The Honorable Jodie Mahony State Representative 406 Armstrong Building El Dorado, AR 71730
Dear Representative Mahony:
This is in response to your request for an opinion regarding a proposed delayed tuition payment plan. You state that the South Arkansas Community College wishes to establish procedures whereby a student can delay payment of his or her tuition, but that the interest that could be charged would not pay for all of the institutional costs involved in setting up and generating a loan program, nor would it be sufficient incentive to encourage students to pay at the beginning of a semester. You note that there are legitimate costs in setting up a delayed payment plan, including staff time to keep up with the paperwork and follow up on students who pay late and the inevitable losses when collection is delayed, as well as the loss of interest on tuition deposits when tuition is not collected in full at the beginning of a semester.

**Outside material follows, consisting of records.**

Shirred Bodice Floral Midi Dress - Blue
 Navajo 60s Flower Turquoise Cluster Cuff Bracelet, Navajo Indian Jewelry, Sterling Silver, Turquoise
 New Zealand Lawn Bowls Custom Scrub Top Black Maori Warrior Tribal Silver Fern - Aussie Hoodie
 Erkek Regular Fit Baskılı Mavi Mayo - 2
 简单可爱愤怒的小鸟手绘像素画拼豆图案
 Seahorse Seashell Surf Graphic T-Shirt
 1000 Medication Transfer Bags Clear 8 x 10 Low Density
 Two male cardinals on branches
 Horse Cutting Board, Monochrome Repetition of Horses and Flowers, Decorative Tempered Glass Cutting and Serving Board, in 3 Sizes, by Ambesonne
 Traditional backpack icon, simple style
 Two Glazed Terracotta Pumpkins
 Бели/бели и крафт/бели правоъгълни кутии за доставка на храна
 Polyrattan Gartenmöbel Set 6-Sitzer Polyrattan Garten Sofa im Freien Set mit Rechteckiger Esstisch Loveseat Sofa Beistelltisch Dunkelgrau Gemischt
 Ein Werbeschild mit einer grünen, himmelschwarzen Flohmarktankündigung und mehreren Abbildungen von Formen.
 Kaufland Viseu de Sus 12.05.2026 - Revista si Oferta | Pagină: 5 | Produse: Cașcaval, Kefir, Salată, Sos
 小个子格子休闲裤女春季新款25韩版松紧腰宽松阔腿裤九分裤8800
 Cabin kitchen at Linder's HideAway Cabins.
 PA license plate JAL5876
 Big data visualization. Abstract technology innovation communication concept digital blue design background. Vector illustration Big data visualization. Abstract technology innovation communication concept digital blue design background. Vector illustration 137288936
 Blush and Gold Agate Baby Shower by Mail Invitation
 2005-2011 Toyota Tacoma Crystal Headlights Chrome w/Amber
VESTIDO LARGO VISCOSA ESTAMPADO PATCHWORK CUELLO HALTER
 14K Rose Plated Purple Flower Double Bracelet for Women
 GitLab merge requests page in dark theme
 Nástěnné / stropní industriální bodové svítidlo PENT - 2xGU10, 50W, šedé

Your specific question in this regard is whether the college can charge a flat service charge to establish a delayed tuition payment plan that will help the college recoup the cost of providing such a plan, even if the service charge exceeds the amount the institution would be allowed to collect under the usury provisions of the Arkansas Constitution.
It is my opinion that the "service charge" would in all likelihood be considered interest on the contract or agreement for delayed payment, and would thus make the contract usurious if the maximum lawful rate of interest is in fact exceeded.1
The service charge must be measured in light of the constitutional provision concerning usury (art. 19, § 13) and cases construing it. The Arkansas Supreme Court has stated that it does not matter whether charges added under a contract are called a "penalty," "late charge," "service charge," or some other name. Bunn Lumber Co. v. Weyerhaeuser Co., 268 Ark. 445,450, 598 S.W.2d 54 (1980). The court will, instead, examine the facts of each case to determine whether usury was actually charged or contracted for. Id. With regard to "service charges," case law clearly establishes the principle that the lender cannot impose upon the borrower charges that in fact constitute the lender's overhead expenses or costs of doing business. See Henslee v. Madison Guaranty Sav. Loan Ass'n,297 Ark. 183, 189, 760 S.W.2d 842 (1989), citing Ark. Sav. Loan Ass'n v. Mack Trucks of Ark., 263 Ark. 264, 566 S.W.2d 128 (1978). See also Miller v. Test, Adm'x, 243 Ark. 694,421 S.W.2d 345 (1967); Sosebee v. Boswell, 242 Ark. 396,414 S.W.2d 380 (1967); Strickler v. State Auto Finance Co., 220 Ark. 565,249 S.W.2d 307 (1952); and Winston v. Personal Finance Co.,220 Ark. 580, 249 S.W.2d 315 (1952). Mack Trucks, supra, involved a "service charge" defined by the lender as a charge for the lender binding itself unconditionally to make construction loans and advances. 263 Ark. at 266. The court held that regardless of what it was called, the commitment fee constituted a discount — the taking of interest in advance. Id. at 268. It amounted to interest because it was nothing more than the lender's overhead or cost of doing business, which the court noted could not be passed on to the borrower (citing Sosebee v. Boswell, supra). Because there was no other basis for the charge, the fee was an unjustified service charge which, the court held, should be included as interest under the note. Id.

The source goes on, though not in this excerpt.